Le
livre n'est ni grand ni épais. Il tient dans une poche. Il est à la
taille d'un carnet de chef obsessionnel travaillant et retravaillant
ses ordres du jour. A chaque jour, sa liste, verticale, creusée à
la limite de la tranche du livre, le plus droit possible. Le petit
format le permet. Le grand PDG à angle droit peut espérer la
perfection pour sa liste de grand homme du détail.
L'ordre
du jour est d'autant plus fou qu'il est dans cette concentration,
cette densité de petit livre, véritablement de poche celui-là,
contrairement à tous ceux qui s'en disent mais ne tiennent
effectivement pas du tout dans une poche. Il déborde de sens et pas
un espace vide qui pourrait angoisser le grand directeur
obsessionnel. Compact. Asphyxiant.
« Un
mélange de ridicule et d'effroi » comme l'ultime page
l'exprime si nettement. Pas de long fleuve tranquille, pas de répit.
Ou l'on rit jaune, ou l'on se sidère puis s’écœure. L'un ou
l'autre ne laisse pas de place à un quelconque chant de transition.
Il n'y a pas de transition. Il n'y en a pas besoin. Un ordre de jour
a-t-il enfin besoin de transitions ?
Le
style est sec. Sans être froid. L'effroi n'est ni sec ni froid.
C'est un frisson chaud qui traverse l'échine, comme un éclair et
les mots et leur configuration lancent ces décharges, avec
précision, sans fioritures.
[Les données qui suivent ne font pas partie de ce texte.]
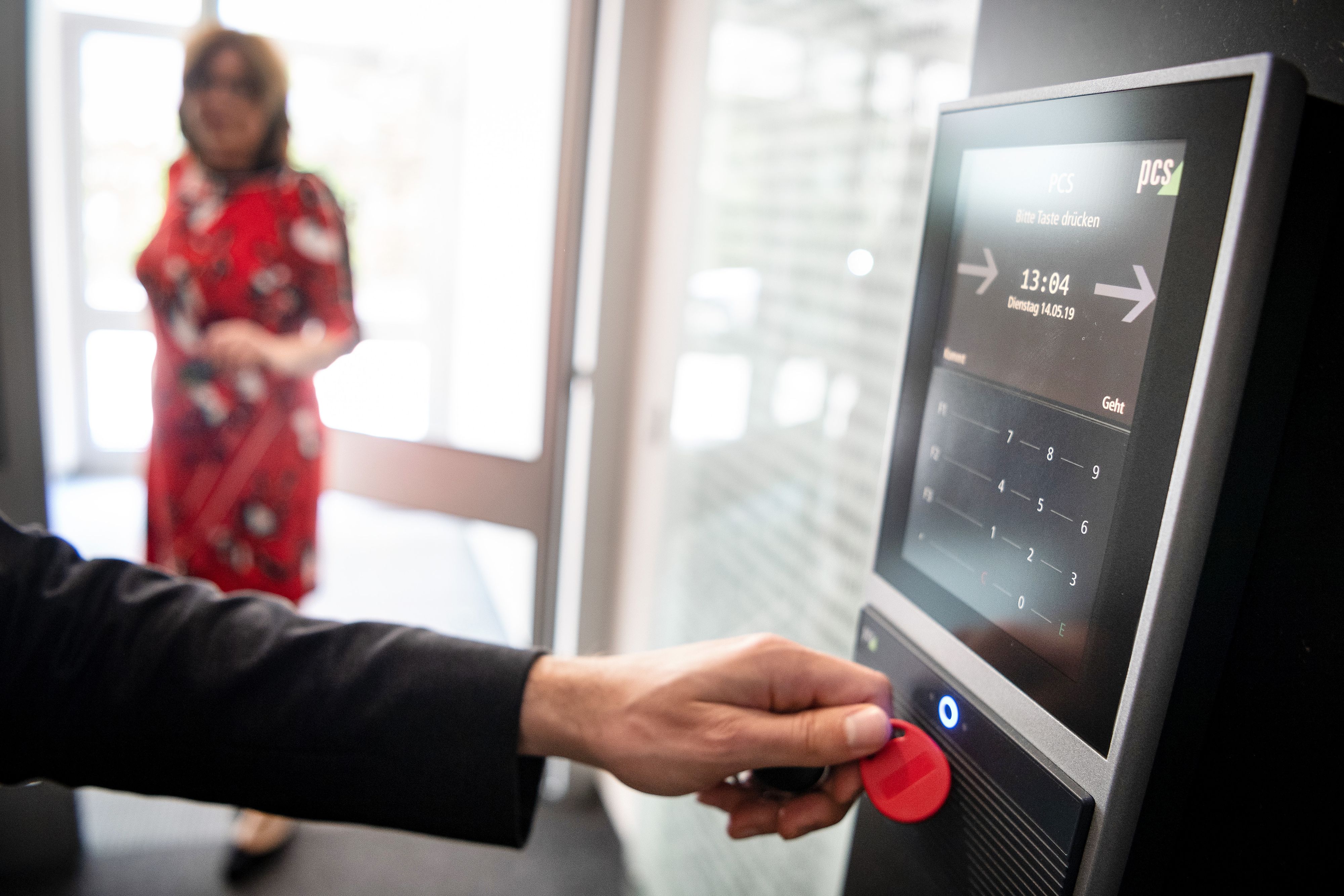 Eine Person hält einen roten Chip an ein Computer-Lesegerät um ihre Arbeitszeit zu erfassen.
Pour autant, le texte est terriblement
fluide. Sec mais pas saccadé. Sec, tranchant mais humain.
Impitoyable le plus souvent mais pas inaccessible. Raide comme la
justice ? Raide comme la folie raisonnante, résonnante,
trompetteuse, trompeuse, trompée, mentie, menteuse, folle,
affolante, mécanique ridicule et effrayante. Mécanique qui
habilement, peut-être sans intention franche, se cache. Pudique,
encore un peu. Et profondément humaine, encore une fois. Les rouages
à l'état brut ne sont ni art ni folie : tout se déguise de
l'un, de l'autre, de la banalité parfois. Des trois. L'artiste est
celui qui le mieux écrira les fous. Ils se retrouvent aux limites du
supportable. Loin, très loin de la banalité quotidienne.
Pourtant
là, dans le noyau d'or de toute chose. Infinitésimal ou immensément
grandiose. Ridicule ou effrayant.
Les
mots sont ici un véritable sujet. Les mots dans leur sens perverti,
sonnent faux, chantent comme des casseroles et tout le monde
applaudit. Ils sont témoins mythomanes , brandissant leur statut et
se laissant modeler à l'image du fou et de sa haine sans limites.
Les mots, maniés si habilement par Eric Vuillard sont en fait des
traîtres. Ils se sont, eux aussi, prêtés au jeu du Fürher. Ils
ont collaboré. Les mots ont été salis, laids même à entendre,
crachés par la voix rauque mais forte, écorcheuse vive, des
chemises noires ou brunes, des soldats tous en rang d'oignons bien
mignons, gentillets, prêts à toutes les horreurs pour cette suprême
Voix du chef et de son ordre du jour, net, précis, sans ambiguïté.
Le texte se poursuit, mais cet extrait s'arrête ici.